Actually I haven’t had much time for thinking this week; there’s been a lot of doing. But then again I have been thinking…
On Monday I went to the last Artlift session at Cinderford. I like to go to the last sessions; for one thing it makes it easier to collect in all the paperwork, but also it gives people a chance to see that there is a real person on the end of the phone. I answered emails and practised for my two gigs. In the afternoon I had my final session for now with my little Monday writers group; I think they will need a bit of a rest! In the evening I caught up with the emails to Sunday, and wrote the TADS meeting minutes.
Tuesday morning was fun. Artlift is organising two trips to Quenington open air sculpture exhibition this week, and I had to go there to complete my risk assessment. I went with the lovely Kim, who knows a thing or two about art, and because she was with me I tried not to think whether or not I liked each piece, but why I liked / disliked it – something I’m always getting writing group participants to do. Thinking about each piece like this puts them in a different perspective. It was a lovely sunny day, which I’m sure made everything look better anyway.
In the afternoon I worked with my Cirencester group. We have been working through the seven ages of man and had reached extreme old age, which some of them found very difficult, painful even, to think about. It doesn’t bother me – but then, I have had an amazing life (so far). Perhaps it’s more difficult to contemplate old age if you see your life as problematic. Afterwards I answered more emails and went to see Spy, which wasn’t as good as the ratings suggest. Perhaps that’s just me, though; lots of people around were laughing a lot, but I didn’t find it very funny at all. Sigh. No sense of humour, me.
Wednesday was writeups, emails and the final Stonehouse ArtLift session. People who have attended Artlift sessions find it really upsetting, sometimes, when they reach the end of their two terms – but of course we have to make space for new people. More emails, and some weeding, and some Artlift stuff, and prep.
On Thursday I had my last World War 1 poetry session with Year 6 kids. They were brilliant – full of good questions and ideas. It’s been hard work, this project, but great fun to deliver, and with lovely feedback, e.g. “The best two hours ever – it felt like two minutes.” Can’t ask for more than that! Now I have to put the book of pieces together.
The Son was home briefly in the afternoon, and although I really should have been working, I thought it was more important to spend time with him, so I did – until I really had to go and practise for my gig…
…which was at Worcester Speakeasy, as part of the Worcestershire Literature Festival. I was headlining – tricky, because I’ve headlined there twice already and I don’t really like repeating poems in the same venue. Most of what I did was fairly new, or things I hadn’t done for a while, so all a bit risky. But it all went off ok, and people seemed to enjoy it. They were a lovely audience too.
On Friday another last session, this time with my Longlevens Artlift group. This was the final session ever at this venue; we just haven’t had enough referrals. At least all the regulars attended, and it was clear how much the sessions have meant to them. One of them gave me a little rose bush in a pot.

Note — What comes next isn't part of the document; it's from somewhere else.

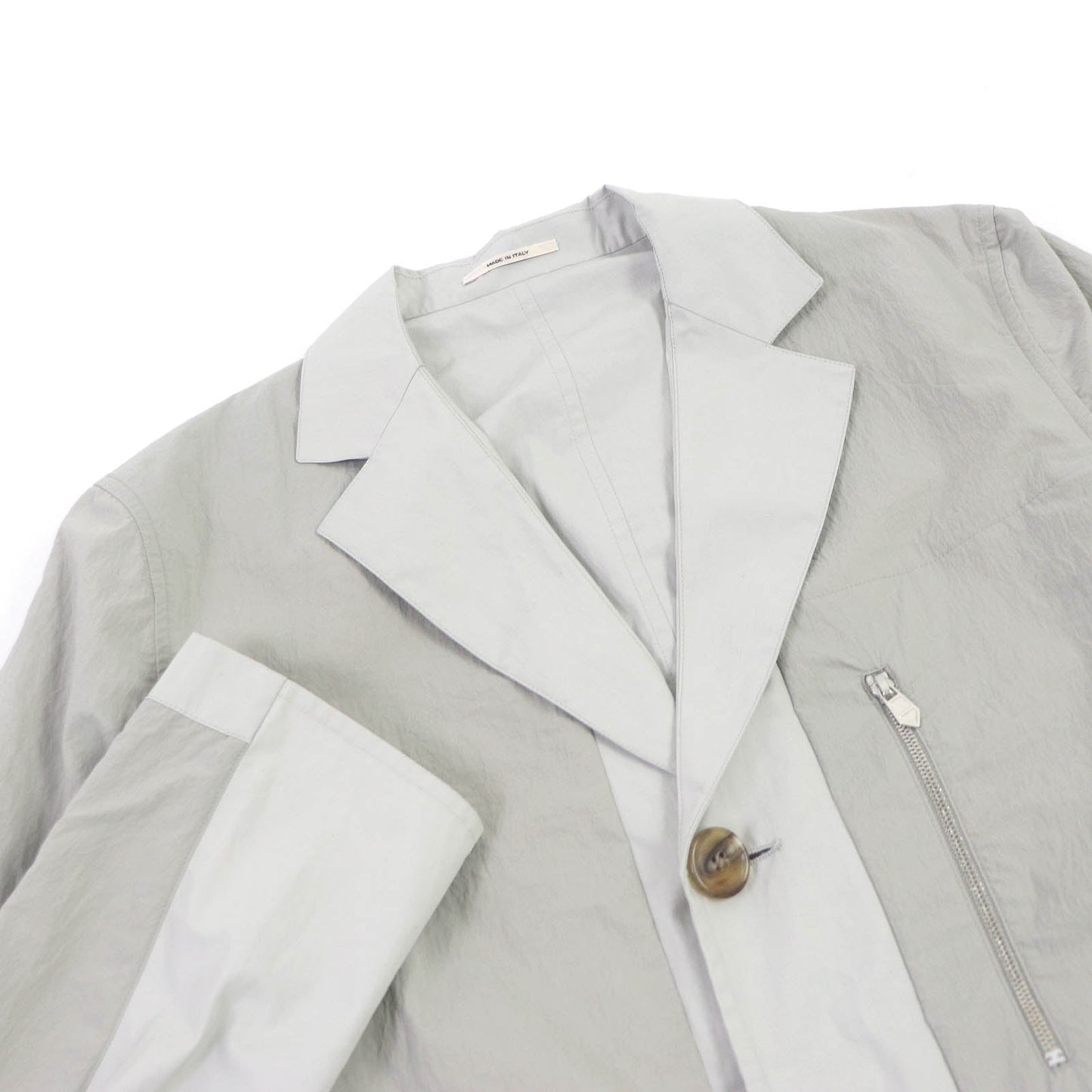 HERMES tailored jacket G19703K Main: 100% cotton, some parts: 92% nylon, some parts: 8% elastane (polyurethane) gray mens 48 Used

I did the writeups, and answered emails, and mowed the back lawn, and then went off to my second gig, at the Reading Poets’ Café. This was a much quieter audience, who I think were not accustomed to performance poetry.
And that was one of the things that set me thinking. There were poets there, and I know there are a lot of poets online, who write poems that they read to other poets; who submit poems for publication by little journals read only by a handful of other poets; who attend workshops attended by other poets. Most of my time is spent with people who were not, or who didn’t of themselves as, poets; the effects of poetry on them are immense and incredibly valuable. And I thought – I’m so glad that I have these opportunities; it must be difficult without them to feel that there is any point in poetry at all; perhaps there isn’t. And then again, perhaps I’ve got it all wrong.

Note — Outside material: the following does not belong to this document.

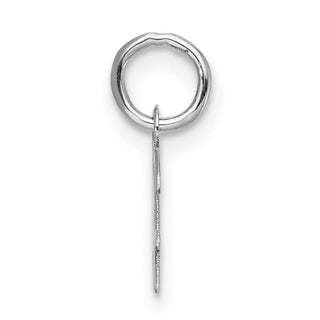 14k White Gold Small Script Letter H Initial Charm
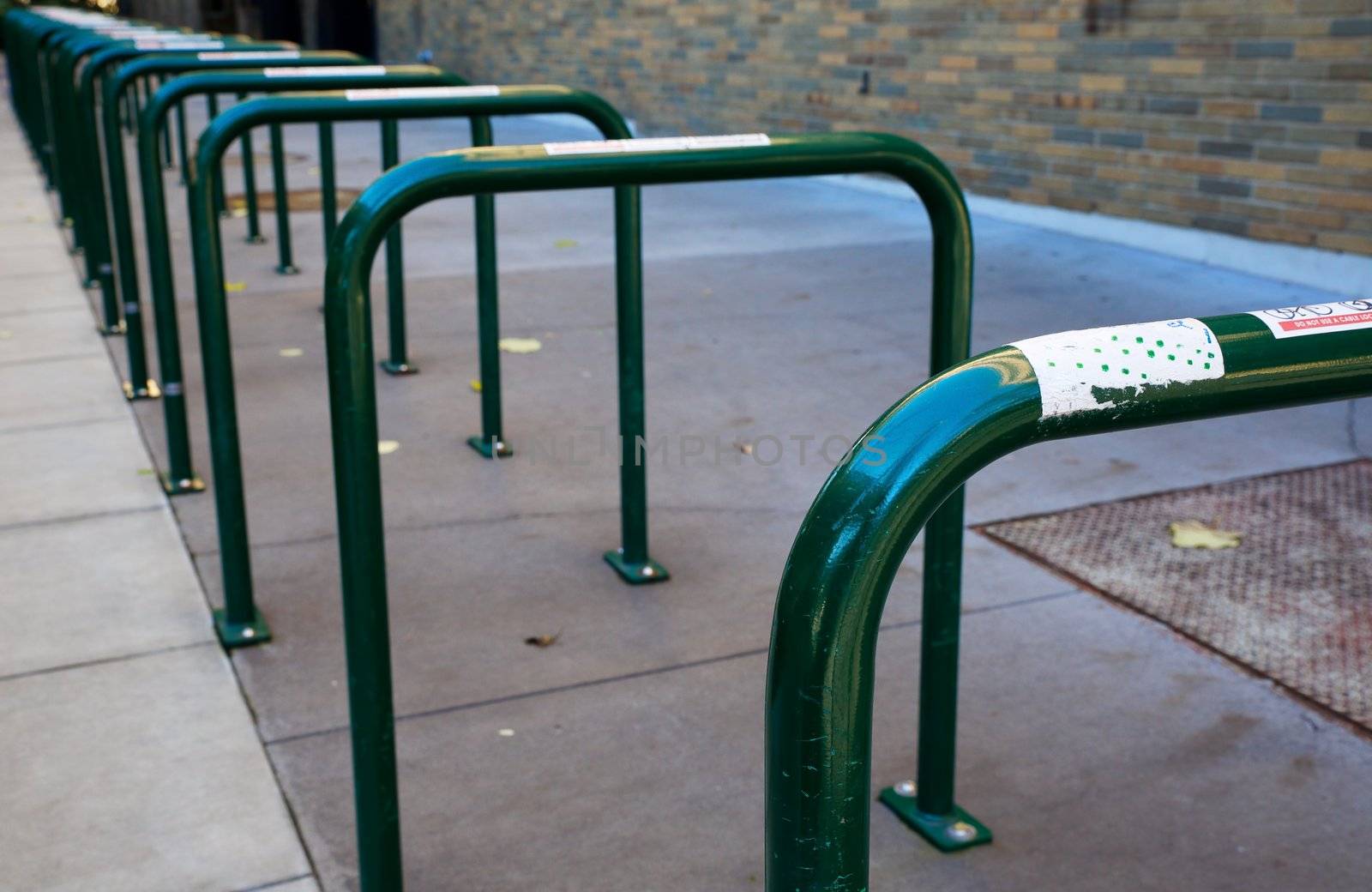 Row of empty green painted bike Racks at university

No rest on Saturday – it was off to run my kids’ group in Pershore. This was our last session until September, so we had popcorn and cakes and pink lemonade. My usual assistant, the excellent Charley, had hurt her leg and couldn’t be there – but somehow, the kids managed quite a long period of quiet writing, which is something they find very difficult. They are a really lively bunch – full of great ideas, but not always able to focus on writing.
In the afternoon I did invoices and writeups, and lots of emails. I had to email the people whose poems have not been chosen for Poetry on Loan postcards, which I don’t like doing much – especially because the poems submitted were so good! But we just couldn’t use all of them.
On Sunday I suggested to The Bloke that he might like to see the sculptures at Quenington, so off we went again. He is very good at noticing things, and he pointed out to me the beautiful speckled trout in the river; and later we saw a tiny moorhen chick, swimming desperately and squeaking with all its might – presumably it had become separated from its mum. And there I was, thinking again – the fish and the moorhen chick had between them more beauty, grace, emotion, and food for thought than all of the sculptures put together. I think you would be much better off getting a cat than a sculpture, personally – especially at the prices that were being charged. Perhaps The Bloke and I will stick to wildlife parks.
And then I finally caught up with my emails, at 11:30 last night. Too much thinking; too much doing. What I need is a rest.